» **TASK BRIEF**
What is needed is the exact text of each line in the listing below from the one with "Close-up of suspension bridge in sea" up to and including the one with "Louis Vuitton black", and no pictures.

» **RECORDS SHOWN**
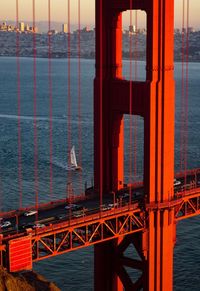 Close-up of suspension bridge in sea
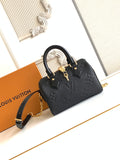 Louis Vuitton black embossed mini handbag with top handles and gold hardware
...
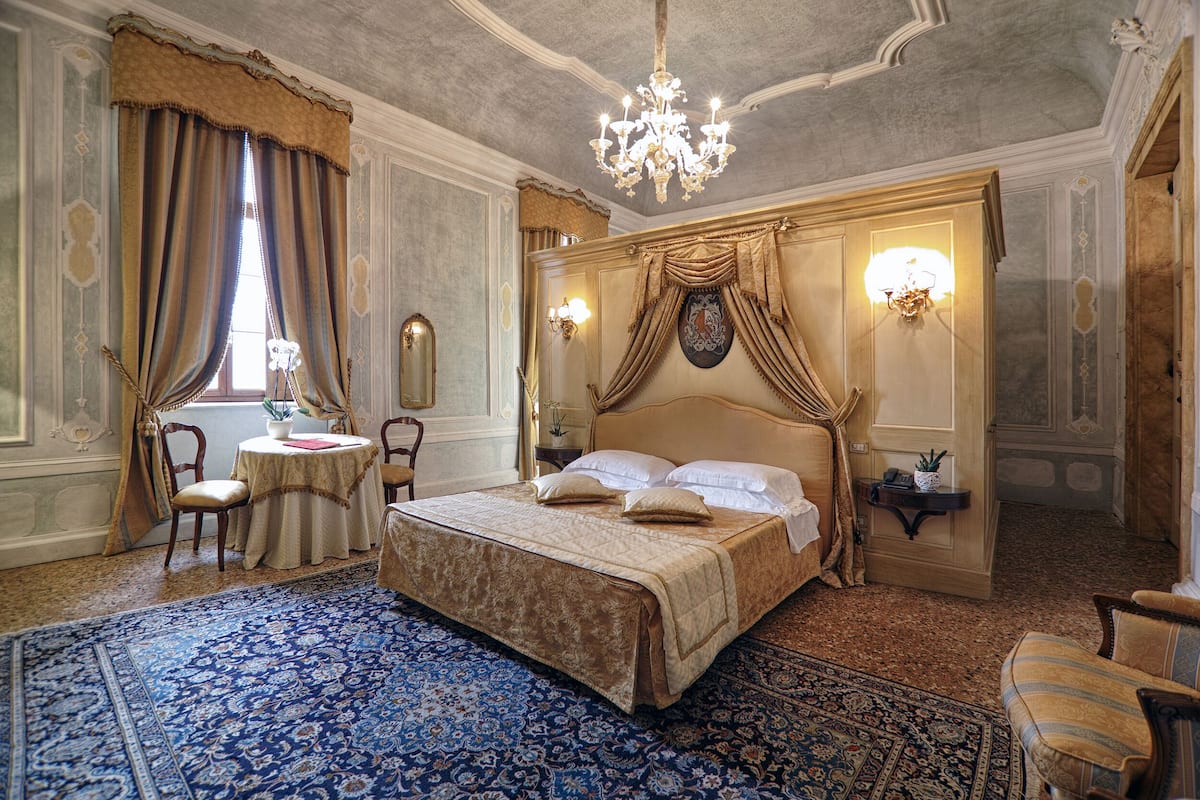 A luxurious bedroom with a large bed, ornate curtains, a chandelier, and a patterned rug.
==
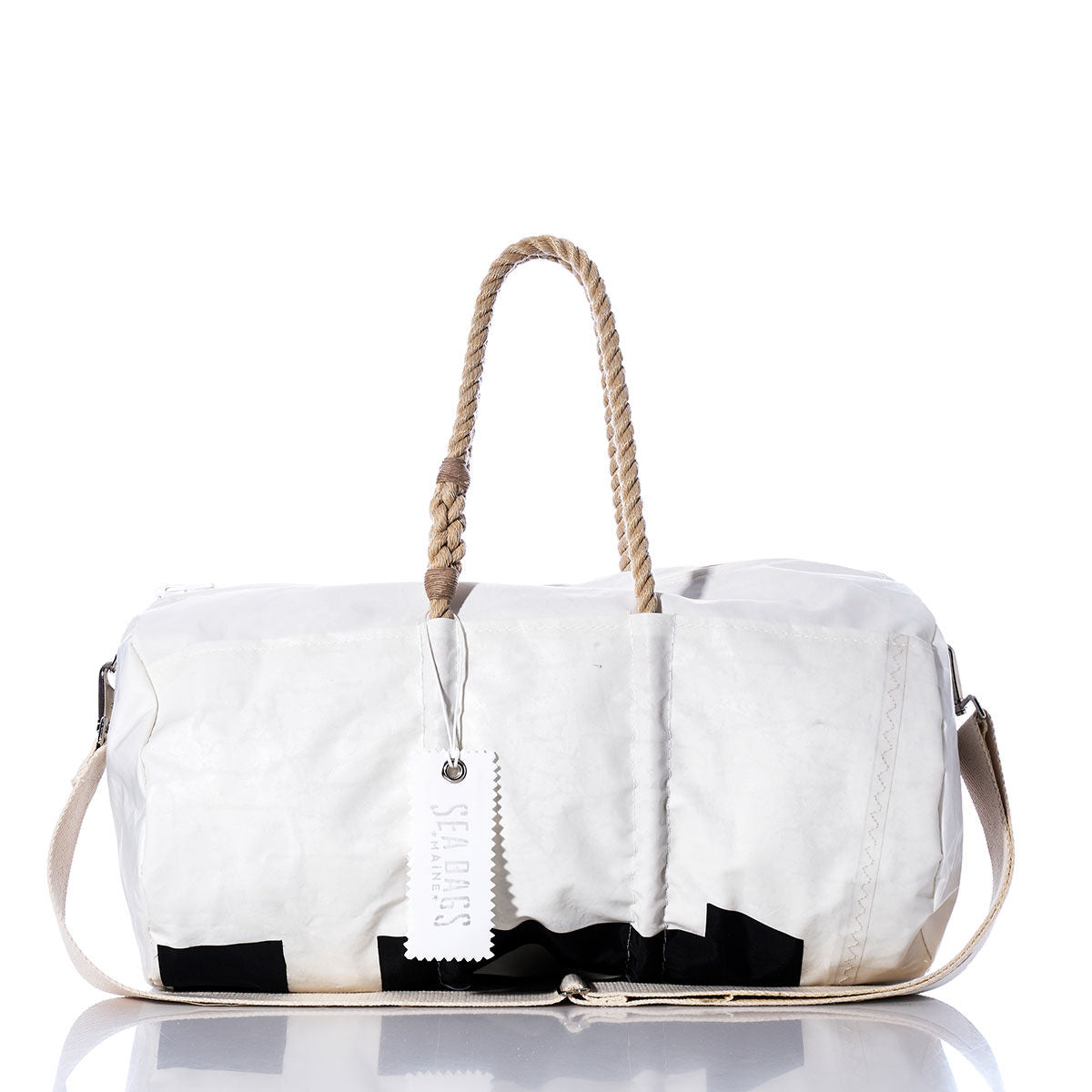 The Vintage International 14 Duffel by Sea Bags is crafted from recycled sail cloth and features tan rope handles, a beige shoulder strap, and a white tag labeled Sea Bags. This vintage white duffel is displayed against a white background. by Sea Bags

» **TASK OUTPUT**
 Close-up of suspension bridge in sea
 Louis Vuitton black embossed mini handbag with top handles and gold hardware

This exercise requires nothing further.